- Provided records:
=-=-=

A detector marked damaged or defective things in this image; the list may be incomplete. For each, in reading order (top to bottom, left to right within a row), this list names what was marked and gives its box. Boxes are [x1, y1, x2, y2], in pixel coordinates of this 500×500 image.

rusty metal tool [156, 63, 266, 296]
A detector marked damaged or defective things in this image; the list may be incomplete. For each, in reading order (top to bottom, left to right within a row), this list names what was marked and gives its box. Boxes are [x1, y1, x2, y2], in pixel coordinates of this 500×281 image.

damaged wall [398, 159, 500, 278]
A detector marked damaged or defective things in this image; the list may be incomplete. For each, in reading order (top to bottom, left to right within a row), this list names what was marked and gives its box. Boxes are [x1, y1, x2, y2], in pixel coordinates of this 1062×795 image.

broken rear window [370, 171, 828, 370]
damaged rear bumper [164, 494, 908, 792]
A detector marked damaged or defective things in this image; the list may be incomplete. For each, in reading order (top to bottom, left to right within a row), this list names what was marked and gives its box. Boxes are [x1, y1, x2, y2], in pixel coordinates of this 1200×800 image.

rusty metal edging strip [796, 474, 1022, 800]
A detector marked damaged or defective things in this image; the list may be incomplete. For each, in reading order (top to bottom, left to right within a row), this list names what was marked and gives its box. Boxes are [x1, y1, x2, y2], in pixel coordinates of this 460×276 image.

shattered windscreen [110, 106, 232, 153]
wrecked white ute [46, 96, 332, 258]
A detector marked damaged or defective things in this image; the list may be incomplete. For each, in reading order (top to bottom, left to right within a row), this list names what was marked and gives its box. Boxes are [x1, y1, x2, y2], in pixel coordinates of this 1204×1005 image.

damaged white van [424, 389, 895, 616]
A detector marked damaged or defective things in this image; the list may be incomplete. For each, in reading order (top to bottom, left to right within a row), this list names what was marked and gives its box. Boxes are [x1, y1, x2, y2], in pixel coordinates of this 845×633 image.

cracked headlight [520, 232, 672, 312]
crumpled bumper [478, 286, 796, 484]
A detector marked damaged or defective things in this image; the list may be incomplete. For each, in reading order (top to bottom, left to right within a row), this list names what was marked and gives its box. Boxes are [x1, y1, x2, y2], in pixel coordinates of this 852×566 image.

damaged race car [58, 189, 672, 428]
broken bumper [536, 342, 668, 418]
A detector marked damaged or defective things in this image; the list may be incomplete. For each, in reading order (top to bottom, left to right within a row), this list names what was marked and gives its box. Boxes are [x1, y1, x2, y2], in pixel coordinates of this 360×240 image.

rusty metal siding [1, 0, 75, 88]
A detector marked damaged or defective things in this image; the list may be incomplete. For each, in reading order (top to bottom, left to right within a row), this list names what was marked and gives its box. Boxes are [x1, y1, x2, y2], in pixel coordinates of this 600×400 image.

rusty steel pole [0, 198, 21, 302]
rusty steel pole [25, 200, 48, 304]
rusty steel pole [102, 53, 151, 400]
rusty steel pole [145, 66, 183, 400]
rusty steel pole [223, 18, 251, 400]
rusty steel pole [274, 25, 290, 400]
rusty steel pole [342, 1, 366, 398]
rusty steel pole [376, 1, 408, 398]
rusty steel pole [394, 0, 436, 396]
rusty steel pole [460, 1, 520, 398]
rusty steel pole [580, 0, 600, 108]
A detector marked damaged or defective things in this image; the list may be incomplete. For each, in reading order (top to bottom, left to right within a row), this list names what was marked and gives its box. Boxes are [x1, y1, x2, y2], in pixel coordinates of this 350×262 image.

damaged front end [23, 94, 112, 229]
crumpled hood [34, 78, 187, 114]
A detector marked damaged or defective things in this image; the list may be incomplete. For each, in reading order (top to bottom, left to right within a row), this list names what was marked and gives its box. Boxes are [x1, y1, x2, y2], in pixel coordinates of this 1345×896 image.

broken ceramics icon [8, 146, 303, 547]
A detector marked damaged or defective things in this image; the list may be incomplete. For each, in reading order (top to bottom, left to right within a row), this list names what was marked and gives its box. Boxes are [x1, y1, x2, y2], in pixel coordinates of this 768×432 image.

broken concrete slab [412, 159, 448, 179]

=-=-=

Copy the data above in its entirety, exactly as given.

A detector marked damaged or defective things in this image; the list may be incomplete. For each, in reading order (top to bottom, left to right within a row), this list names what was marked and gives its box. Boxes are [x1, y1, x2, y2], in pixel coordinates of this 500×500 image.

rusty metal tool [156, 63, 266, 296]
A detector marked damaged or defective things in this image; the list may be incomplete. For each, in reading order (top to bottom, left to right within a row), this list names what was marked and gives its box. Boxes are [x1, y1, x2, y2], in pixel coordinates of this 500×281 image.

damaged wall [398, 159, 500, 278]
A detector marked damaged or defective things in this image; the list may be incomplete. For each, in reading order (top to bottom, left to right within a row), this list names what was marked and gives its box. Boxes are [x1, y1, x2, y2], in pixel coordinates of this 1062×795 image.

broken rear window [370, 171, 828, 370]
damaged rear bumper [164, 494, 908, 792]
A detector marked damaged or defective things in this image; the list may be incomplete. For each, in reading order (top to bottom, left to right within a row), this list names what was marked and gives its box. Boxes are [x1, y1, x2, y2], in pixel coordinates of this 1200×800 image.

rusty metal edging strip [796, 474, 1022, 800]
A detector marked damaged or defective things in this image; the list may be incomplete. For each, in reading order (top to bottom, left to right within a row), this list names what was marked and gives its box. Boxes are [x1, y1, x2, y2], in pixel coordinates of this 460×276 image.

shattered windscreen [110, 106, 232, 153]
wrecked white ute [46, 96, 332, 258]
A detector marked damaged or defective things in this image; the list may be incomplete. For each, in reading order (top to bottom, left to right within a row), this list names what was marked and gives its box. Boxes are [x1, y1, x2, y2], in pixel coordinates of this 1204×1005 image.

damaged white van [424, 389, 895, 616]
A detector marked damaged or defective things in this image; the list may be incomplete. For each, in reading order (top to bottom, left to right within a row), this list names what was marked and gives its box. Boxes are [x1, y1, x2, y2], in pixel coordinates of this 845×633 image.

cracked headlight [520, 232, 672, 312]
crumpled bumper [478, 286, 796, 484]
A detector marked damaged or defective things in this image; the list may be incomplete. For each, in reading order (top to bottom, left to right within a row), this list names what was marked and gives its box. Boxes are [x1, y1, x2, y2], in pixel coordinates of this 852×566 image.

damaged race car [58, 189, 672, 428]
broken bumper [536, 342, 668, 418]
A detector marked damaged or defective things in this image; the list may be incomplete. For each, in reading order (top to bottom, left to right within a row), this list names what was marked and gives its box. Boxes are [x1, y1, x2, y2], in pixel coordinates of this 360×240 image.

rusty metal siding [1, 0, 75, 88]
A detector marked damaged or defective things in this image; the list may be incomplete. For each, in reading order (top to bottom, left to right within a row), this list names what was marked and gives its box. Boxes are [x1, y1, x2, y2], in pixel coordinates of this 600×400 image.

rusty steel pole [0, 198, 21, 302]
rusty steel pole [25, 200, 48, 304]
rusty steel pole [102, 53, 151, 400]
rusty steel pole [145, 66, 183, 400]
rusty steel pole [223, 18, 251, 400]
rusty steel pole [274, 25, 290, 400]
rusty steel pole [342, 1, 366, 398]
rusty steel pole [376, 1, 408, 398]
rusty steel pole [394, 0, 436, 396]
rusty steel pole [460, 1, 520, 398]
rusty steel pole [580, 0, 600, 108]
A detector marked damaged or defective things in this image; the list may be incomplete. For each, in reading order (top to bottom, left to right within a row), this list names what was marked and gives its box. Boxes are [x1, y1, x2, y2], in pixel coordinates of this 350×262 image.

damaged front end [23, 94, 112, 229]
crumpled hood [34, 78, 187, 114]
A detector marked damaged or defective things in this image; the list may be incomplete. For each, in reading order (top to bottom, left to right within a row), this list names what was marked and gives its box. Boxes are [x1, y1, x2, y2], in pixel coordinates of this 1345×896 image.

broken ceramics icon [8, 146, 303, 547]
A detector marked damaged or defective things in this image; the list may be incomplete. For each, in reading order (top to bottom, left to right within a row), this list names what was marked and gives its box. Boxes are [x1, y1, x2, y2], in pixel coordinates of this 768×432 image.

broken concrete slab [412, 159, 448, 179]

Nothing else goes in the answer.